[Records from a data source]

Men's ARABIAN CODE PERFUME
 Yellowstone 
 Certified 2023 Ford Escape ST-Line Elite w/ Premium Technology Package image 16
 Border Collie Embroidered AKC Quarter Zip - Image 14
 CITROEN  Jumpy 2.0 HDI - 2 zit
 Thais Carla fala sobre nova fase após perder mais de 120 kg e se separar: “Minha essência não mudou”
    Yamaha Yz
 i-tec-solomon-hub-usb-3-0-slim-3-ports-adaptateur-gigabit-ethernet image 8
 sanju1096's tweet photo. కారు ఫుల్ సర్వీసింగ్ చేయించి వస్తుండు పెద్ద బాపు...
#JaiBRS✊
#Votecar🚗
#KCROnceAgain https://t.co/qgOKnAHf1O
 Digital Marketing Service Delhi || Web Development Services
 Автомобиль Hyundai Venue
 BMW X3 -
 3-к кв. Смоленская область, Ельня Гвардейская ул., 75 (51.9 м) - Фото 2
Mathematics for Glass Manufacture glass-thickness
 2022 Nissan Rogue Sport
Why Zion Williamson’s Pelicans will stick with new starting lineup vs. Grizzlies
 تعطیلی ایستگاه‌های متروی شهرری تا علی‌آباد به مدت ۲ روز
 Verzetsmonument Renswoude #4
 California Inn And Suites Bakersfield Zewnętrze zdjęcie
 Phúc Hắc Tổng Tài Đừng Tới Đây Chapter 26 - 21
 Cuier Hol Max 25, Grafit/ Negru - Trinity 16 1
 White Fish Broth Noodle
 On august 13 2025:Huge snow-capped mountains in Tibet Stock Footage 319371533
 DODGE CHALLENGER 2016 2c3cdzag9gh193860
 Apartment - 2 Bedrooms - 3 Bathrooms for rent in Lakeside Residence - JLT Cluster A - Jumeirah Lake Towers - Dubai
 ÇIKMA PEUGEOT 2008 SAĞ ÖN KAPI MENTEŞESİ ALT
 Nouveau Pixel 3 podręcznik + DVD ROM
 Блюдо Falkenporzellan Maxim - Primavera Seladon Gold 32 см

DIRECTIONS
Return all of the above records exactly, leaving no line out.

TASK SOLUTION
Men's ARABIAN CODE PERFUME
 Yellowstone 
 Certified 2023 Ford Escape ST-Line Elite w/ Premium Technology Package image 16
 Border Collie Embroidered AKC Quarter Zip - Image 14
 CITROEN  Jumpy 2.0 HDI - 2 zit
 Thais Carla fala sobre nova fase após perder mais de 120 kg e se separar: “Minha essência não mudou”
    Yamaha Yz
 i-tec-solomon-hub-usb-3-0-slim-3-ports-adaptateur-gigabit-ethernet image 8
 sanju1096's tweet photo. కారు ఫుల్ సర్వీసింగ్ చేయించి వస్తుండు పెద్ద బాపు...
#JaiBRS✊
#Votecar🚗
#KCROnceAgain https://t.co/qgOKnAHf1O
 Digital Marketing Service Delhi || Web Development Services
 Автомобиль Hyundai Venue
 BMW X3 -
 3-к кв. Смоленская область, Ельня Гвардейская ул., 75 (51.9 м) - Фото 2
Mathematics for Glass Manufacture glass-thickness
 2022 Nissan Rogue Sport
Why Zion Williamson’s Pelicans will stick with new starting lineup vs. Grizzlies
 تعطیلی ایستگاه‌های متروی شهرری تا علی‌آباد به مدت ۲ روز
 Verzetsmonument Renswoude #4
 California Inn And Suites Bakersfield Zewnętrze zdjęcie
 Phúc Hắc Tổng Tài Đừng Tới Đây Chapter 26 - 21
 Cuier Hol Max 25, Grafit/ Negru - Trinity 16 1
 White Fish Broth Noodle
 On august 13 2025:Huge snow-capped mountains in Tibet Stock Footage 319371533
 DODGE CHALLENGER 2016 2c3cdzag9gh193860
 Apartment - 2 Bedrooms - 3 Bathrooms for rent in Lakeside Residence - JLT Cluster A - Jumeirah Lake Towers - Dubai
 ÇIKMA PEUGEOT 2008 SAĞ ÖN KAPI MENTEŞESİ ALT
 Nouveau Pixel 3 podręcznik + DVD ROM
 Блюдо Falkenporzellan Maxim - Primavera Seladon Gold 32 см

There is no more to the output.